To me ALA felt surprisingly normal this year, despite masks and lower attendance. I suppose masks simply no longer feel weird; and all the sessions I attended were full, as were the exhibits and hallways.
On Saturday morning, being a member of two committees in the same section, I had to choose which table to join at the Core M&C all committees meeting: Technical Services and Systems Committee, or Acquisitions Committee. I chose the latter, since I was taking over as chair on July 1. My plans for the coming year include: you know, a conference session proposal, maybe an e-forum, things like that. Never content unless he is one-upping me, Steve Kelley is running for chair of the section. So he was there too. He was also my roommate. The following week, we took a much needed break from each other.
Over the years I have felt less obliged at ALA to try to adhere to a strict itinerary of technical services sessions; there’s a lot of interesting stuff going on elsewhere, and frankly the tech services offerings seemed thinner than ever in 2022. That said, the first session I attended on Saturday was “OCLC Transforming Metadata.” OCLC recently released many millions of freely available entity-identifying URIs (uniform resource identifiers) to support linked data. These URIs can be added to existing and new metadata. Melissa James from Central Michigan talked about the challenge of finding staff time for linked data work. Most places simply don’t have the bandwidth.
At “Investigating the Library Experiences of Black Undergraduate Students,” Danica White from Penn State presented on the findings of a study involving interviews with 20 students and 5 staff about Black students’ experiences at the main campus library. Her literature review had shown that while Black students visit the library equally often to other students, they are less likely to ask for help. In interviews, Black students reported feeling both invisible and hyper-visible. Another student reported that the library felt “not not inclusive” in an apparent attempt to make the library feel better about itself. Maybe we can do better than that. Students stated that more diversity in the public-facing staff would help. An audience member emphasized the importance of hiring Black student employees and giving them meaningful jobs as a means to increase diversity in the profession. “Once you get them through the door, mentor them,” she said, quotably.
At “Classification and Justice: Unfinished Work in Resource Description,” Staci Ross, a cataloger at Pitt, talked about a successful initiative to get the outdated subject heading of “Blacks” changed to “Black people,” as well as an earlier, less successful attempt at getting “Blacks–Latin America” changed to “Afro-Latin Americans.” On Sunday, at “Library Outreach Programming for Expectant Parents and Parents of Newborns,” librarians from multiple Maryland public library systems talked about efforts to provide outreach to parents, particularly parents who weren’t already library users. Programming included Spanish-language and Zoom offerings, and emphasized brain development, song, and movement. They made us dance merengue. Yes, us: librarians! Merengue! It was too late to escape. I went into survival mode, and survived.

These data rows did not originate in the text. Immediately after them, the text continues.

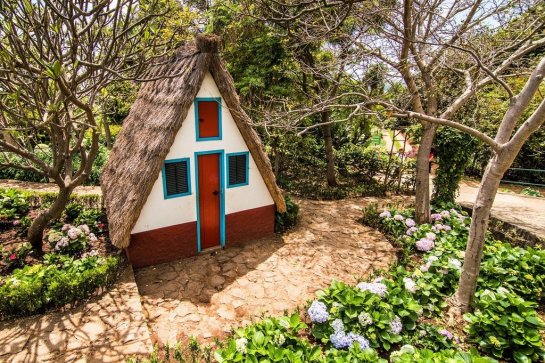 Madeira - turistická II. - Portugalsko - Madeira 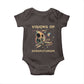Visions Of Afrofuturism Baby Onesie African American Black History And Future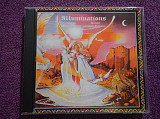 CD Devadip Carlos Santana, Turiya Alice Coltrane - Illuminations - 1974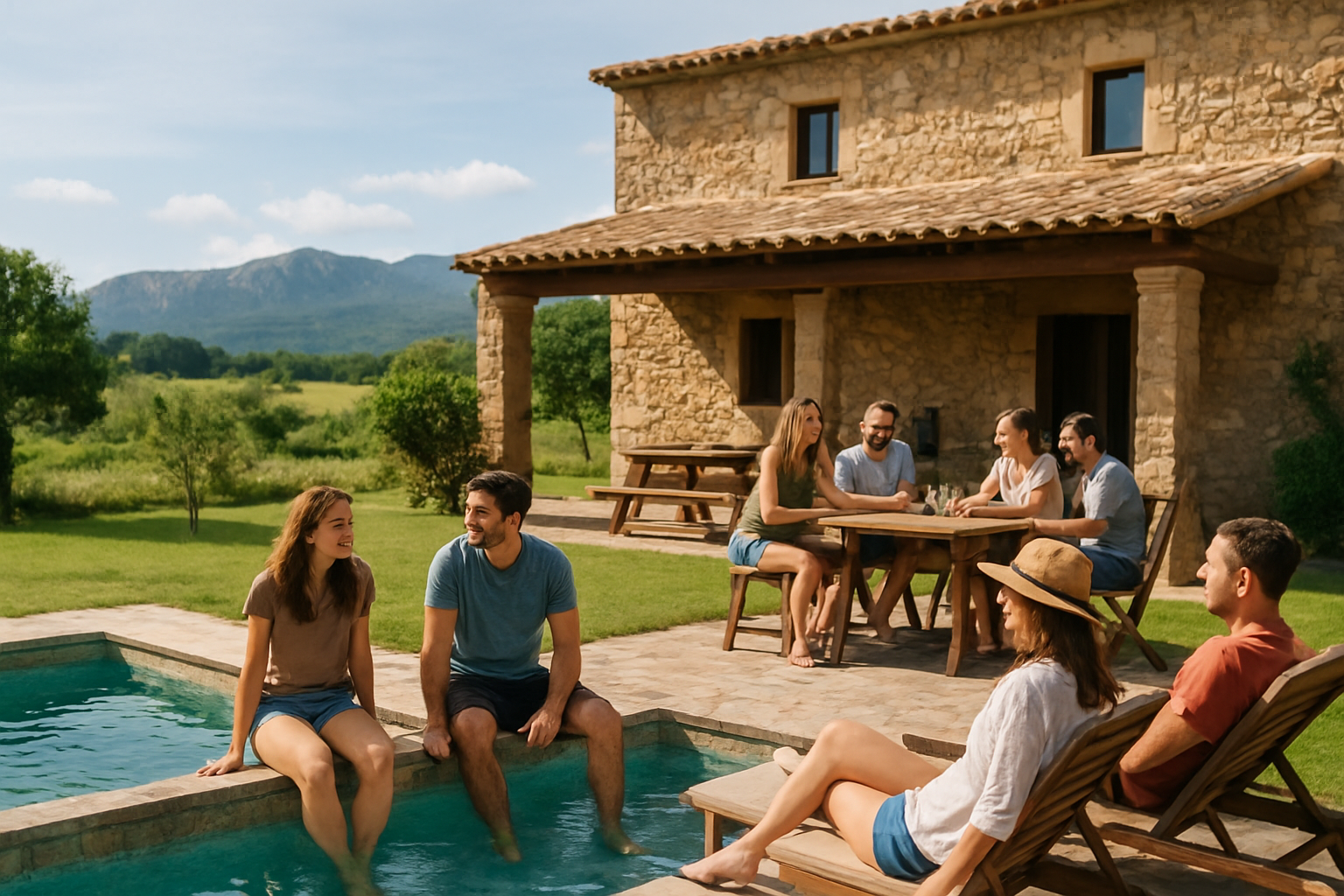 Vakantiehuizen Lleida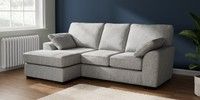 Small Sofa Chaise - Left Hand
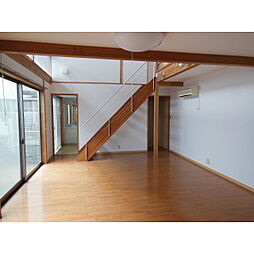 チェビオットヒルズII B 2LDKの室内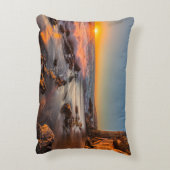 サンセットアットビクトリアビーチ アクセントクッション (裏面(縦))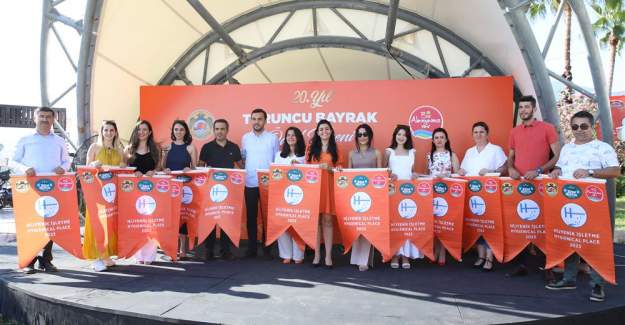 Turuncu Bayrak Ödülleri 20. Kez Sahiplerini Buldu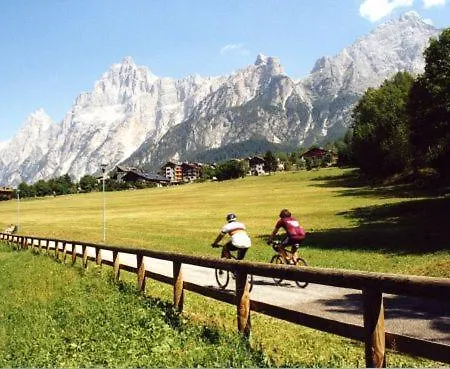 Dolomiti Edge Appartement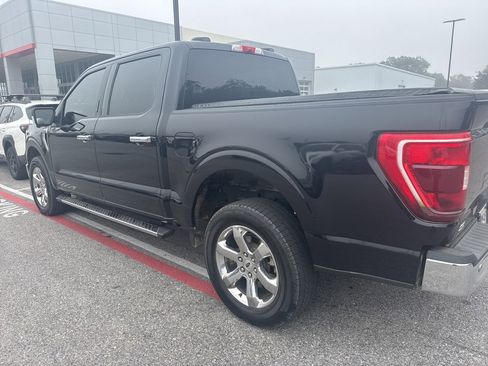 Used 2021 Ford F150 XLT w/ Equipment Group 302A High image 7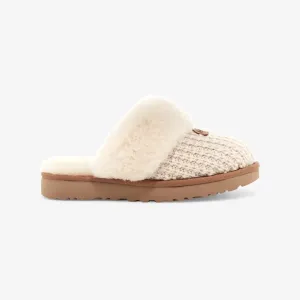 UGG COZY Womens Slippers Cream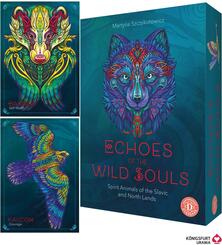 Echoes of the Wild Souls - Spirit Animals of the Slavic and North Lands (English - GB), m. 1 Beilage
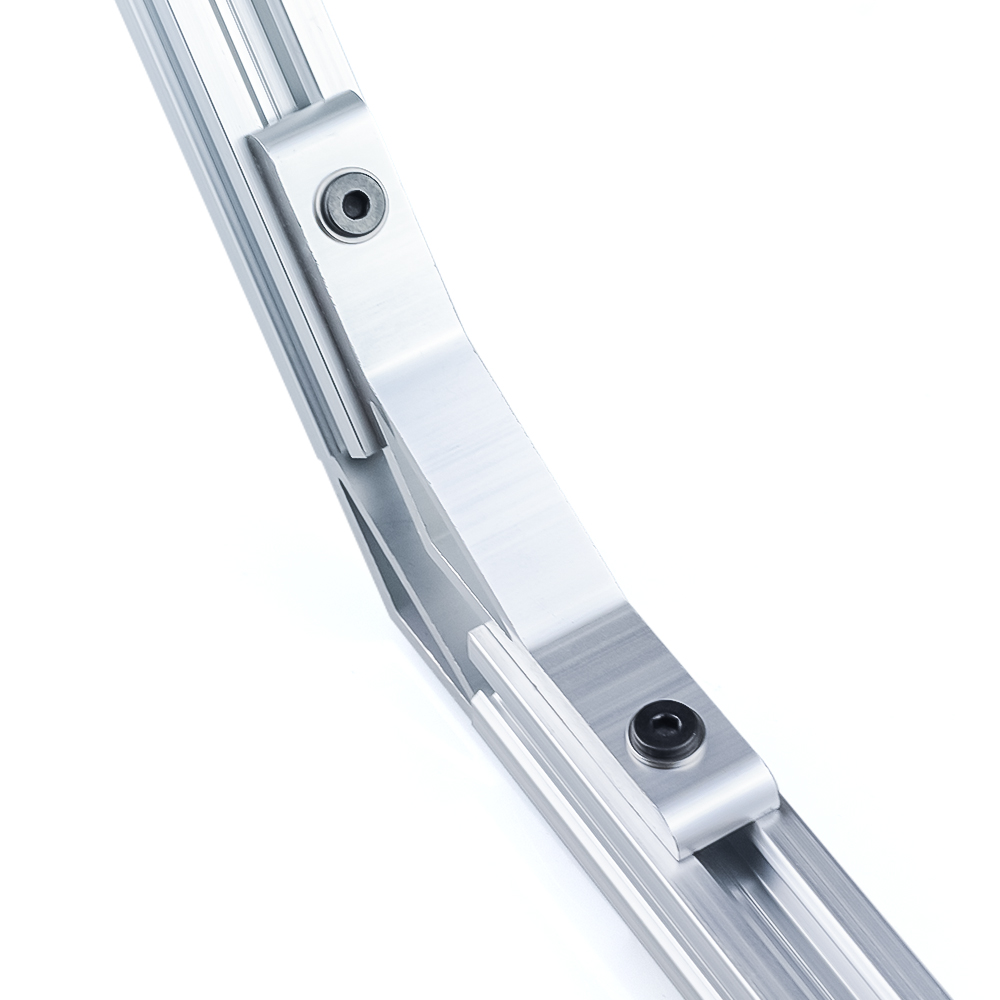 Woodworking Joint - 4 개/몫 135도 2020 3030 4040
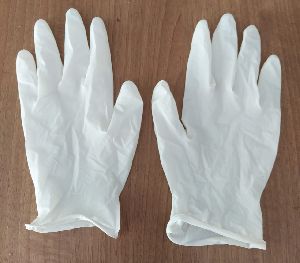 latex examination gloves powder free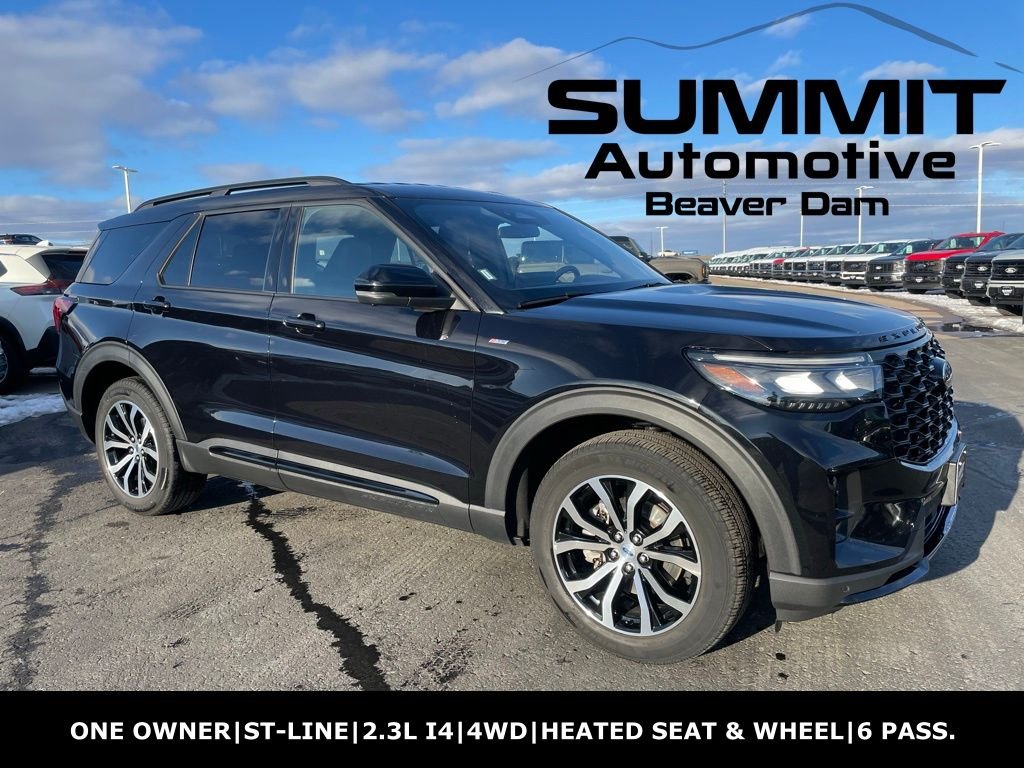 Used 2025 Ford Explorer ST-Line - photo 60
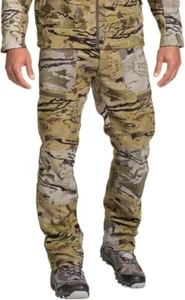 Mens Under Armour  Coldgear  Ridge Reaper 13 Late Season Barren Camo Pants 38x32 - Picture 1 of 9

At “The Algorithm Stole My Democracy: Librarians Grapple with Misinformation in a Polarized Society,” I learned about Elfreda Chatman, with whom I’m sure some of my colleagues are already familiar, and her theory of “life in the round,” in which, essentially, people living in bubbles don’t seek out information from outside their bubbles, because there is no incentive to do so. At “Community Collaboration: Leadership Lessons from Indigenous Research Libraries,” Sarah Dupont from the University of British Columbia discussed efforts at Xwi7xwa Library (pronounced hwee-hwah) to center Aboriginal approaches in the library’s research support and services; Jacob Powel from the University of Auckland discussed similar efforts at refocusing library and university services using a Maori lens at his Te Tuma Herenga Libraries and Learning Services.
Finally, on Monday, Dr. Valentyna Pashkove, American Spaces Coordinator, US Embassy, Kyiv and former president of the Ukraine Library Association, gave an update on efforts Ukrainian libraries are making to provide basic services – more basic than information needs; we’re talking food and water here – while also preserving treasured cultural heritage and supporting civil defense. This was heavy stuff. Library automation is a problem, because Ukrainian libraries largely relied in the past on Russian systems. And of course there are much bigger problems. Dr. Pashkove expressed gratitude to the countries that have assisted, both with weapons and by welcoming refugees. You can help Ukrainian libraries here.
Postscript: ER&L, Forever Ago
Incidentally, I attended the online ER&L conference back in March. I am going to be honest here. I signed up despite being unsure I would really have time; and then I didn’t really have time. Fortunately the recordings are available for a year. I attended a session on a noble attempt at setting up automated Kanopy expiration notifications for faculty – an attempt which unfortunately failed. I can relate. The good news is that Kanopy is supposed to be adding patron-facing expiration dates to their films eventually, though it was confirmed to me in a meeting at ALA that it’s proving harder technologically than they had expected it to be. I attended a couple other ER&L sessions as well, but this post is long enough, I think.